══ Data for this task
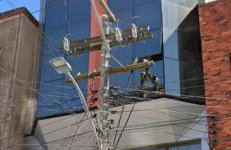 Rio grande apartamento Silva paes 374 - Foto 1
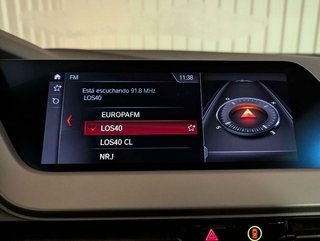 BMW Serie 1 118d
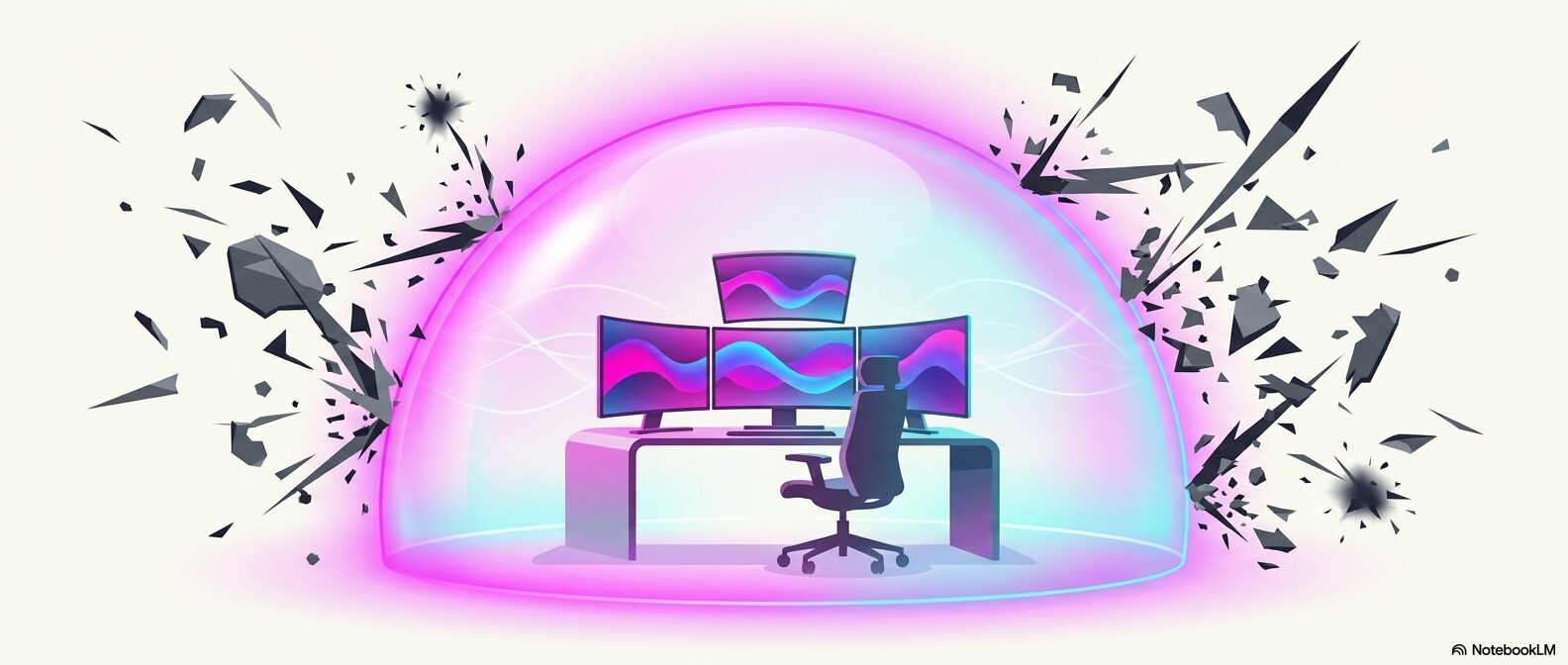 回線の安定性を高めて在宅ワークや動画視聴を快適にするためのテクニカル設定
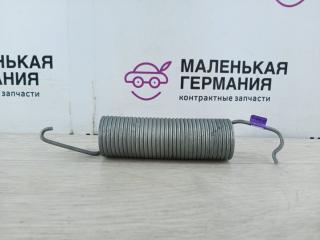 пружина крышки багажника BMW 3 серия G20 2020, 2.0 л., B46 B20 B, бензин, АКПП, белый alpinweiss 3 (300), седан, задний привод, 51247430614, 7430614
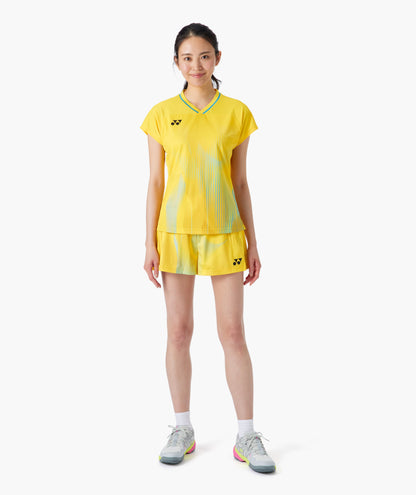 CHINA NATIONAL TEAM FLOW TOURNAMENT SHIRT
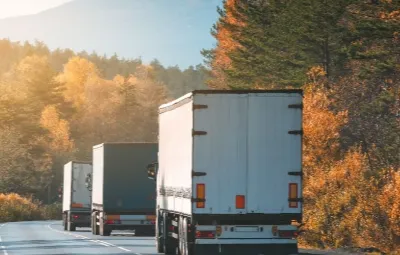 Ankara ile Tekman Arası Klima Taşıma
════
• _Required action_
Nothing but the lines from the line containing "CHINA NATIONAL TEAM FLOW TOURNAMENT SHIRT" through the last line of the material may be output, and they must be copied exactly, without pictures.

• _Result of this task_
 CHINA NATIONAL TEAM FLOW TOURNAMENT SHIRT
 Ankara ile Tekman Arası Klima Taşıma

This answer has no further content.